(What is needed): Restate all the lines below word for word, but omit the pictures.

(Data section):

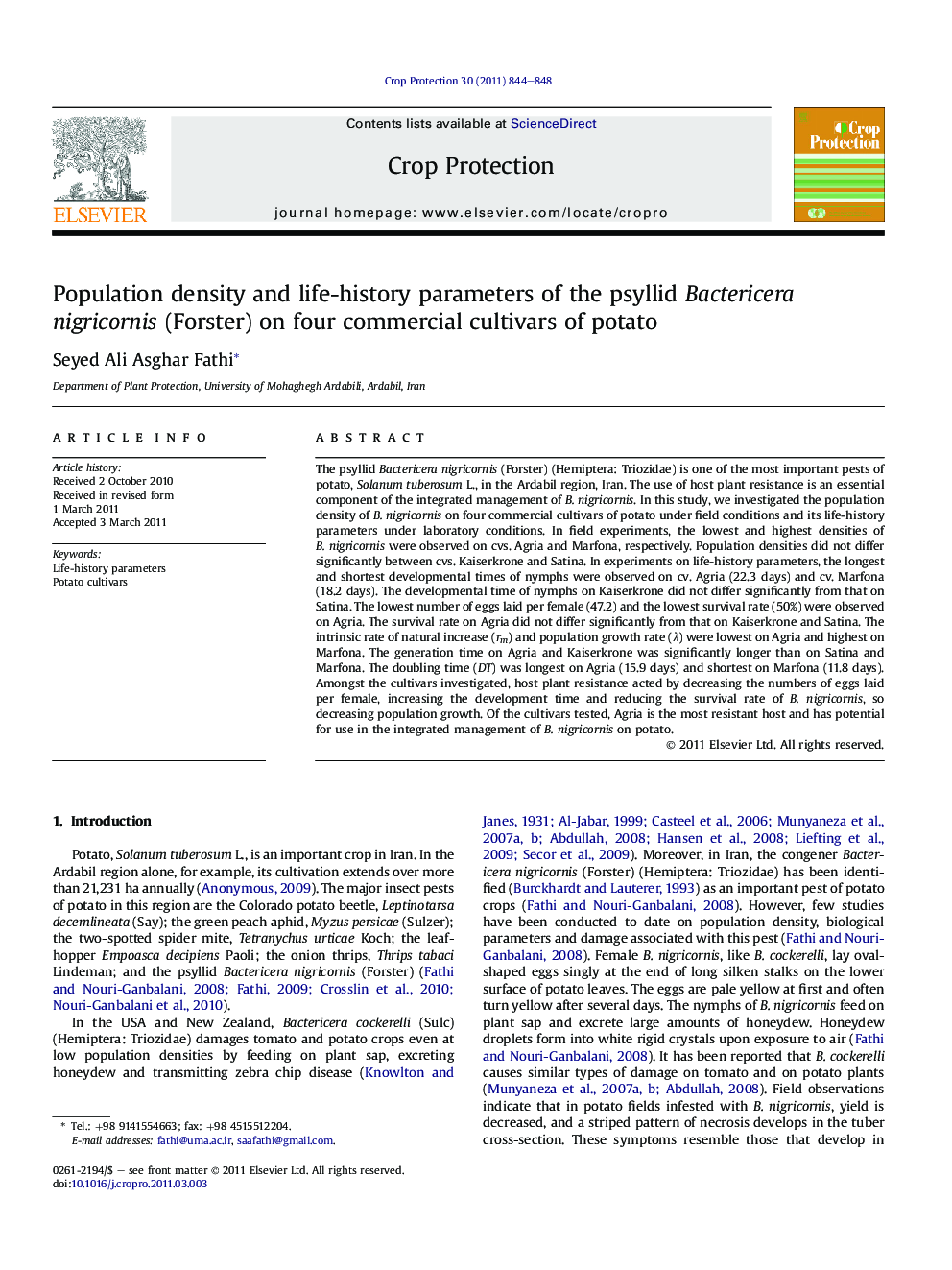 Population density and life-history parameters of the psyllid Bactericera nigricornis (Forster) on four commercial cultivars of potato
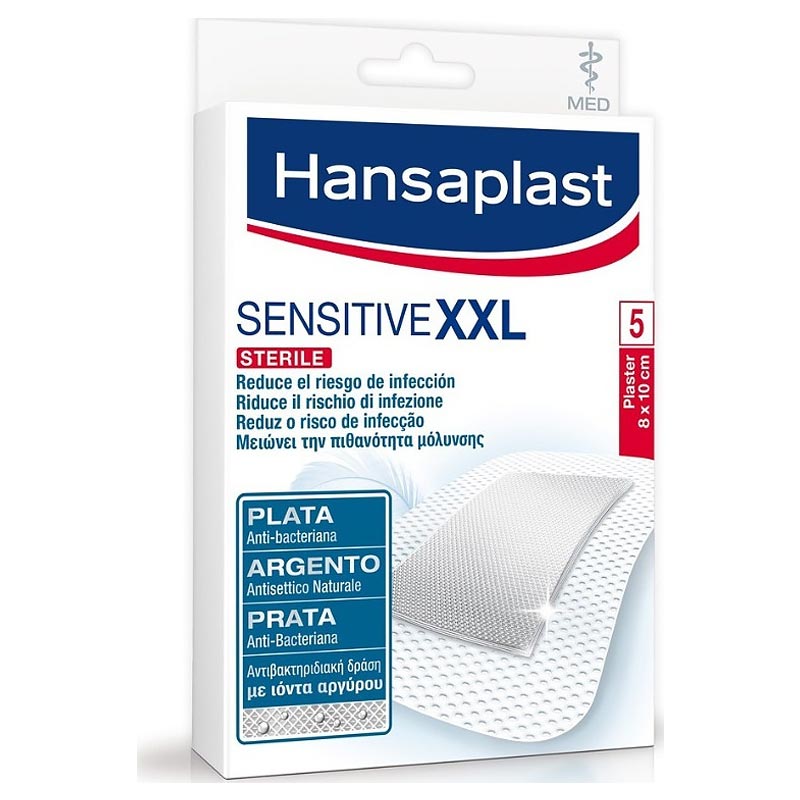 Hansaplast Antibacterial XXL Sensitive Sterile Επιθέματα με Αντιβακτηριακή Δράση 5 Τεμάχια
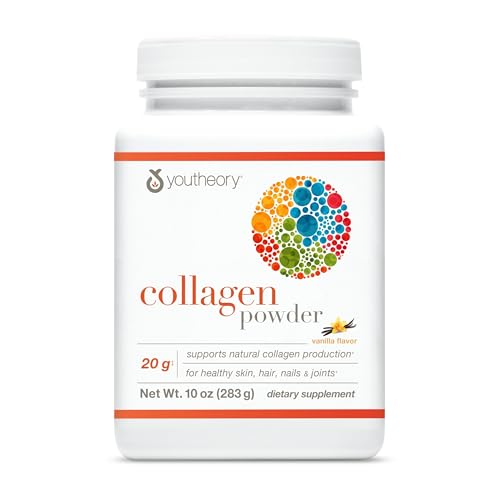 Youtheory Collagen Powder - Hydrolyzed Collagen Peptides with Vitamin C - Supports Healthy Bones Joints & Immune System* - Vanilla - 10 oz (12 Servings)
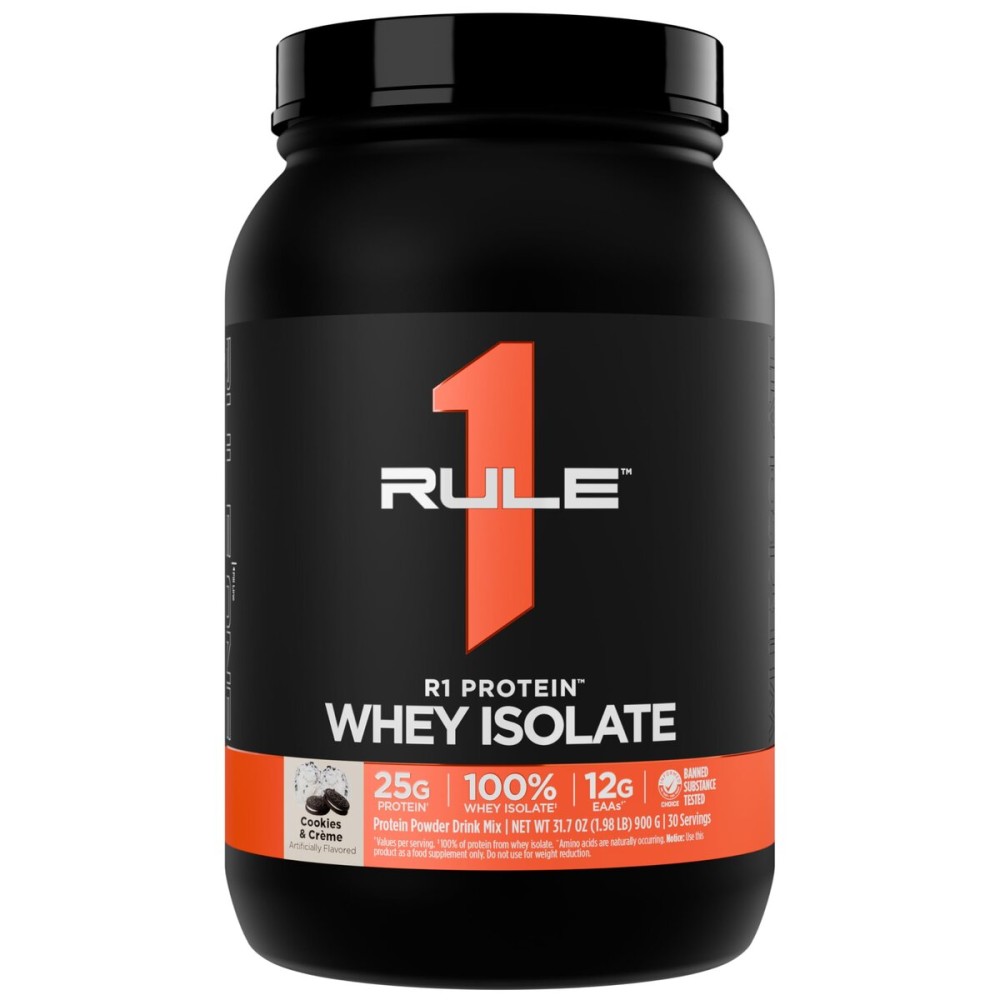 Rule 1 R1 Protein Whey Isolate - with 25g Protein & 6g BCAA Exclusively from Isolated & Hydrolyzed Sources for Workout Recovery (2 Pounds*, Cookies & Crme)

(Response box):
 Population density and life-history parameters of the psyllid Bactericera nigricornis (Forster) on four commercial cultivars of potato
 Hansaplast Antibacterial XXL Sensitive Sterile Επιθέματα με Αντιβακτηριακή Δράση 5 Τεμάχια
 Youtheory Collagen Powder - Hydrolyzed Collagen Peptides with Vitamin C - Supports Healthy Bones Joints & Immune System* - Vanilla - 10 oz (12 Servings)
 Rule 1 R1 Protein Whey Isolate - with 25g Protein & 6g BCAA Exclusively from Isolated & Hydrolyzed Sources for Workout Recovery (2 Pounds*, Cookies & Crme)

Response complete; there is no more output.